In fact, the top three 2008 Democratic potential presidential candidates -- Sens. Hillary Rodham Clinton (NY) and Barack Obama (IL), and former Sen. John Edwards (NC) -- have all stated that they favor an increase in the U.S. military presence in Afghanistan, where the Taliban is reportedly resurgent.
In a letter co-authored with Sen. Evan Bayh (D-IN), Clinton declared the need to send more troops to Afghanistan upon returning from a trip to the region. The Hill reported:
According to Clinton and Bayh, military commanders in Afghanistan need about 2,300 more troops.
"The Taliban - and its al Qaeda partner - remains a pernicious enemy, and a failure to defeat it decisively in the spring risks undermining public confidence in the government of Afghan President Hamid Karzai," Bayh and Clinton wrote in a letter to [Defense Secretary Robert] Gates. "It would be tragic if we fail in Afghanistan because of an unwillingness to deploy a manageable size of additional troops to aid an important and willing ally during a time of true need."
Similarly, on the February 4 edition of NBC's Meet the Press, when asked by host Tim Russert about his proposal to withdraw 40,000 troops from Iraq, Edwards stated: "Some American men and women should come home, some should go into Kuwait, some should go into Afghanistan," where he described the war effort as "moving south, unfortunately." Edwards added that, as president, he would "keep an able [troop] presence in the Persian Gulf."
Additionally, Obama has made clear his intentions to pursue victory in Afghanistan through increased military presence in that country.

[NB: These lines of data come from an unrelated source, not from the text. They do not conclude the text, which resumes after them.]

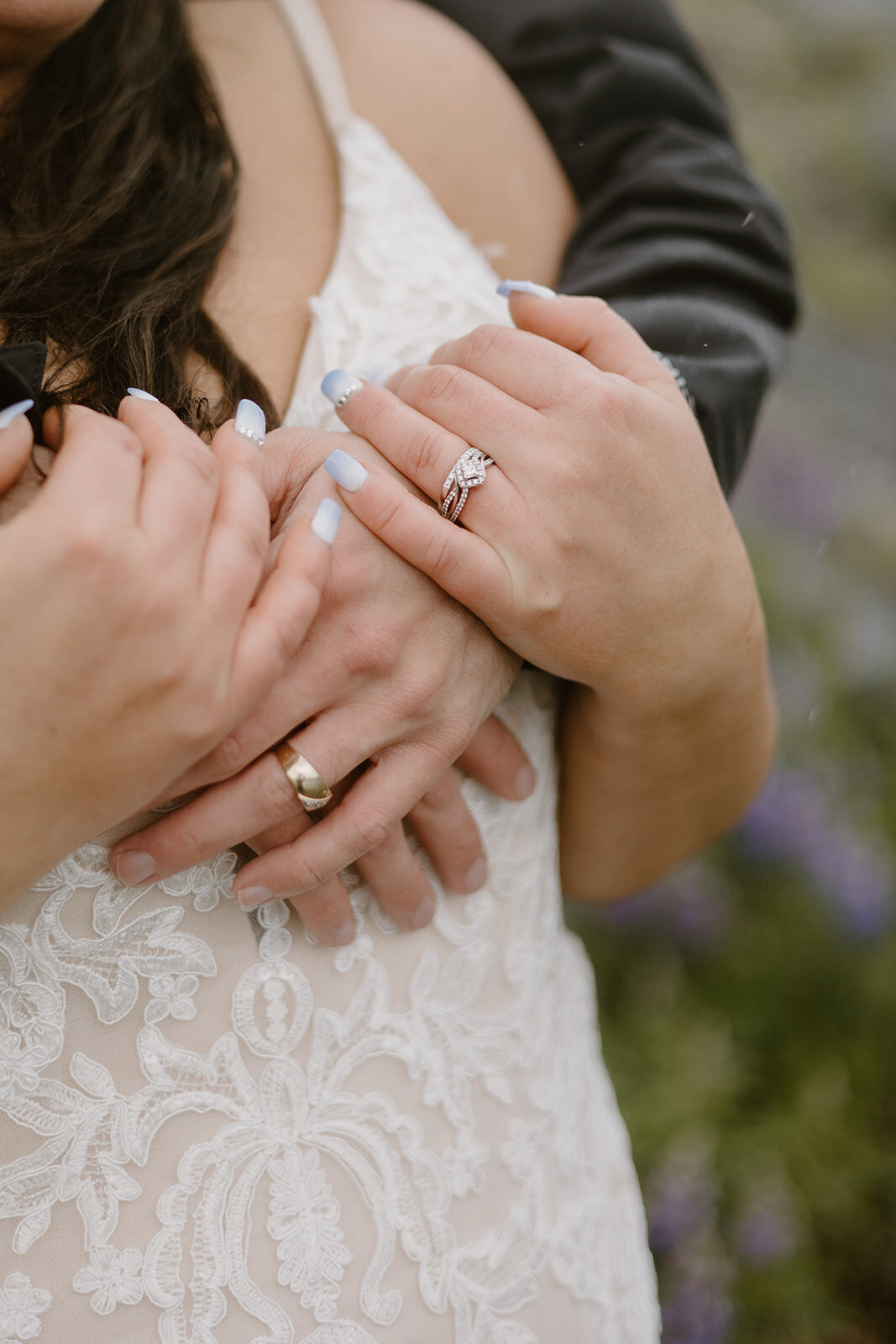 Close up of elopement couple's hands and rings.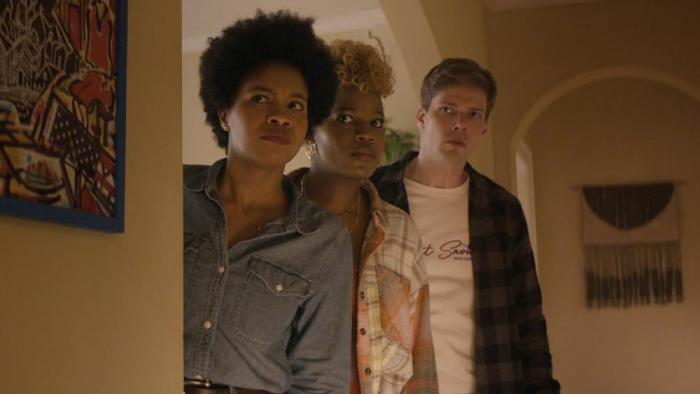 The Other Black Girl TV show screenshot 1: Sinclair Daniel, Brittany Adebumola and Hunter Parrish are concerned as they look around a corner. 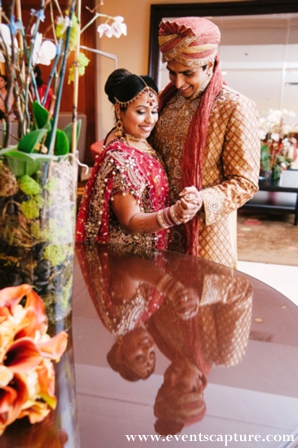 indian bride and groom portrait in traditional wedding clothes.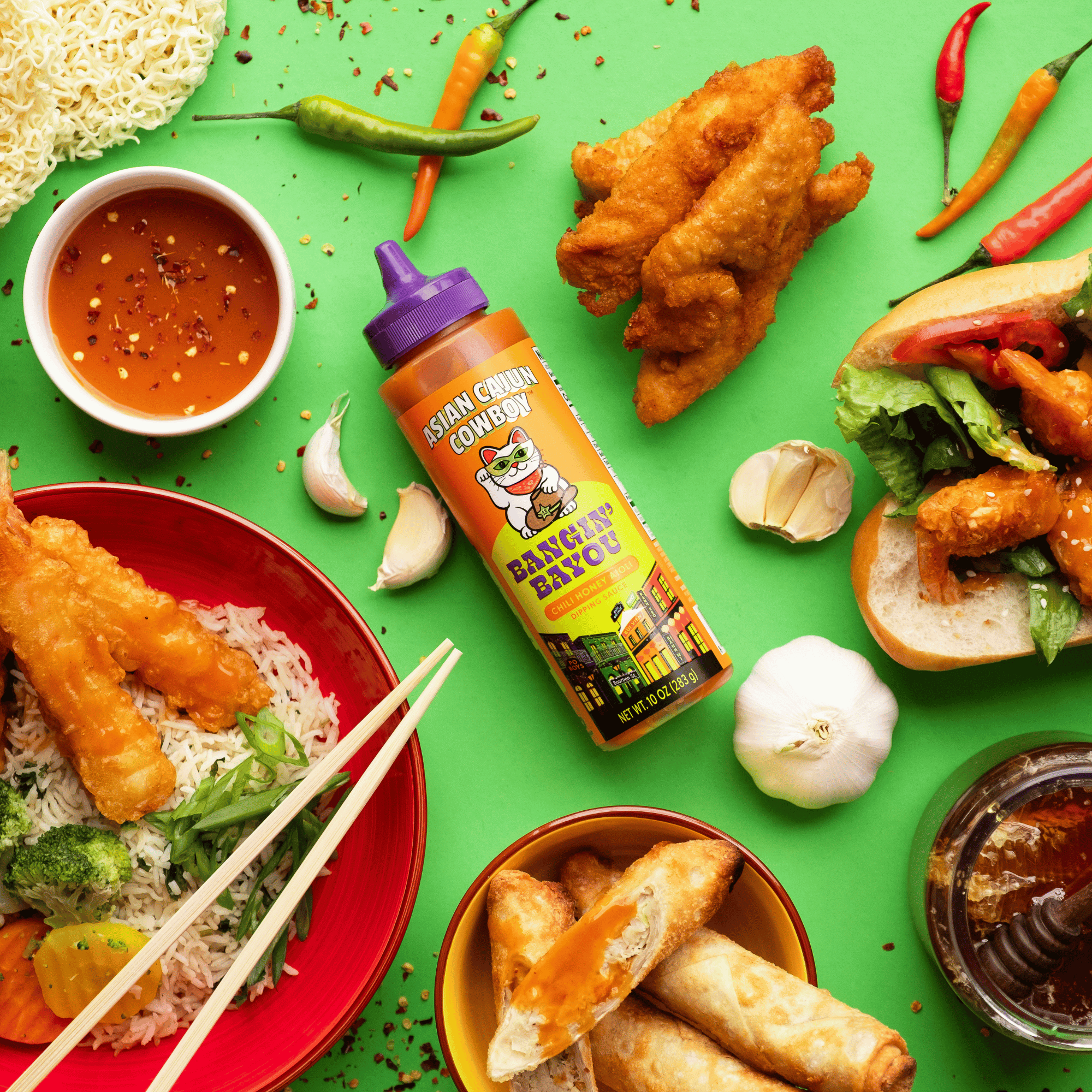 Bangin Bayou bottle surrounded by asian cuisine on a green background.
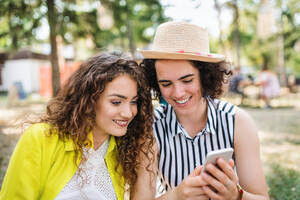 Ein Porträt von zwei jungen Freundinnen auf einem Sommerfest, die ein Smartphone benutzen. - HPIF26874
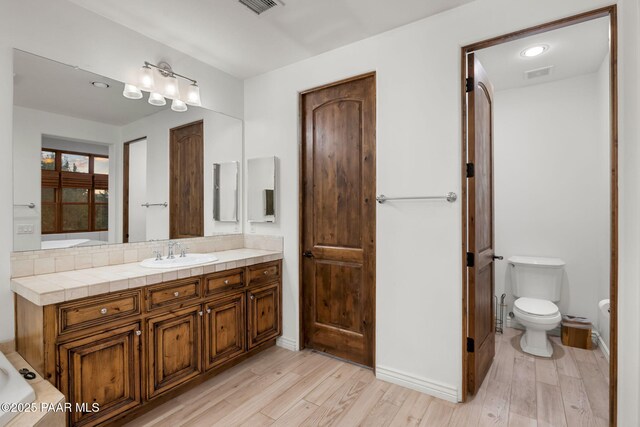 bathroom featuring toilet, hardwood / wood-style floors, and vanity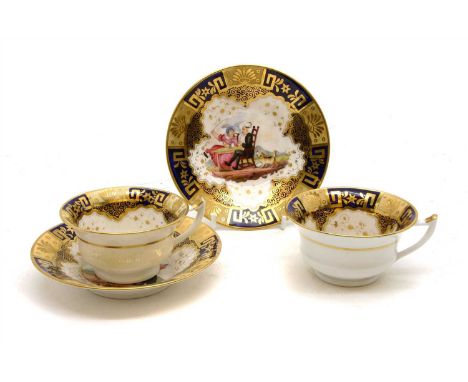 A pair of tea cups and saucers, possibly Rathbone, decorated with Dr Syntax satires, c.1830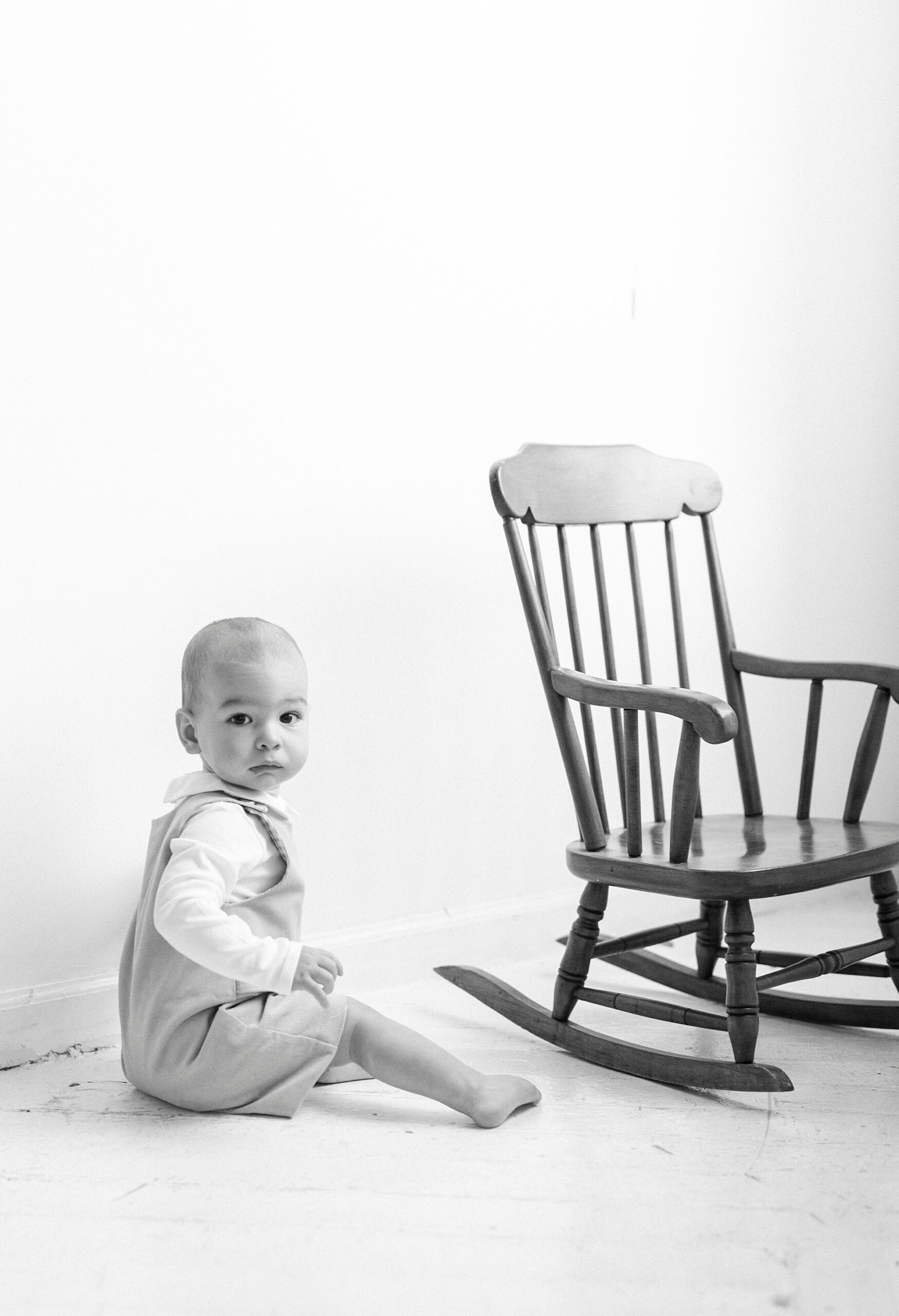 baby sits on floor by classic wooden rocking chair during first birthday photos in Concord NC studio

In a speech to the Chicago Council on Global Affairs in November 2006 titled "A Way Forward in Iraq," Obama said that by "redeploying from Iraq to Afghanistan, we will answer NATO's call for more troops and provide a much-needed boost to this critical fight against terrorism."
From the February 4 edition of Fox Broadcasting Co.'s Fox News Sunday:
CHRIS WALLACE (host): Yesterday, down in South Carolina, he talked to an AP reporter and said, quote, "There's a real good chance," end quote, that he will. Two questions: One, do you think that Rudy Giuliani will actually get into this race? And secondly, can he overcome his stands on, you know, social issues -- pro-gun control, pro-choice, pro-gay rights -- particularly with the Republican conservative base?
KRISTOL: Yes, he will run, I believe. I mean, I've talked to people close to him just this last week. They're doing a lot of briefings. The fundraising is moving ahead. I think he intends to run and most likely will run.
Two, he may be able to overcome enough of these problems. Well, he certainly is a competitive candidate for the nomination. He and McCain are clearly the two leading candidates.
And I think -- and the conventional wisdom is well, once he gets in the race and everyone learns that he's pro-choice, and has a different view on gay rights and has been pro-gun control, that his support will collapse. I'm not so sure. This is a war election, as we were just talking about the Democrats. The Democrats are going to be the anti-war party. McCain, Giuliani, Romney are all for -- are all against renouncing the use of force in dealing with the jihadist Islamic threat.
I mean, that's what this election's going to come down to. Do you want a party that renounces the use of force or do you want a party that's willing to use force?